Items from a dataset
━━━
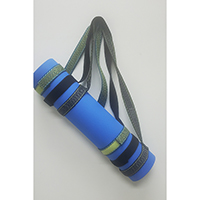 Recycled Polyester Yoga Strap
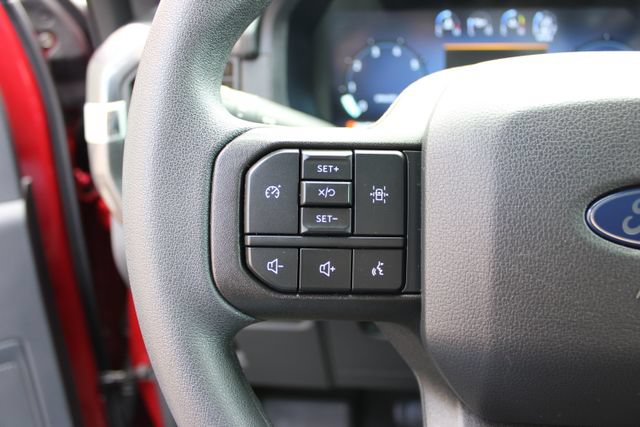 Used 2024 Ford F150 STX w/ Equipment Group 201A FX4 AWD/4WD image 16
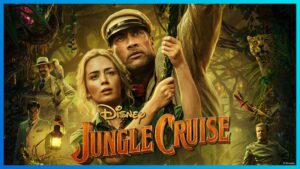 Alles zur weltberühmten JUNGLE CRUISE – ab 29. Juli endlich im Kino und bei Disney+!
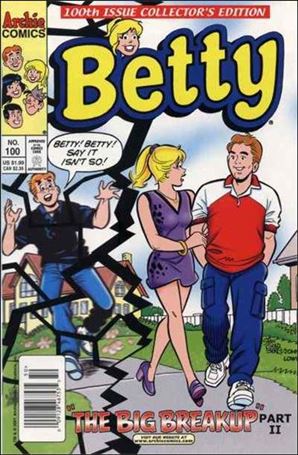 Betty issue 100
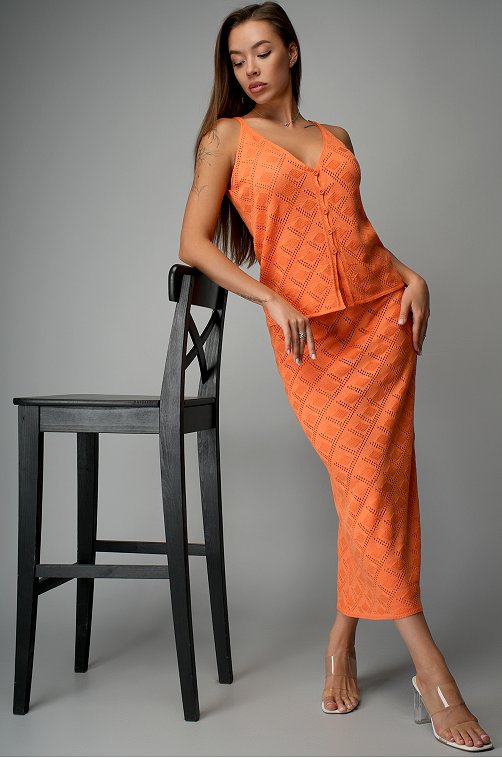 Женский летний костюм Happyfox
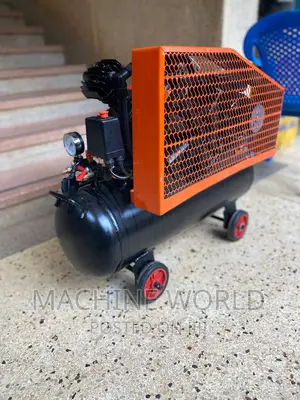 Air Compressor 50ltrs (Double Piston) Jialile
━━━
From the first line above to the line containing "Женский летний костюм Happyfox", repeat each line exactly. Pictures stay out.

 Recycled Polyester Yoga Strap
 Used 2024 Ford F150 STX w/ Equipment Group 201A FX4 AWD/4WD image 16
 Alles zur weltberühmten JUNGLE CRUISE – ab 29. Juli endlich im Kino und bei Disney+!
 Betty issue 100
 Женский летний костюм Happyfox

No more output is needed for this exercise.